== SUPPLIED DATA ==
# # #
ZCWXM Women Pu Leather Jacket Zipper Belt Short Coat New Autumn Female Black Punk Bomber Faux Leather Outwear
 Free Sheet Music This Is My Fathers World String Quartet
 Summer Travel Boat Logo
# # #
== PROBLEM ==
From the first line to the last, transcribe the listing exactly.

== OUTPUT BELOW ==
ZCWXM Women Pu Leather Jacket Zipper Belt Short Coat New Autumn Female Black Punk Bomber Faux Leather Outwear
 Free Sheet Music This Is My Fathers World String Quartet
 Summer Travel Boat Logo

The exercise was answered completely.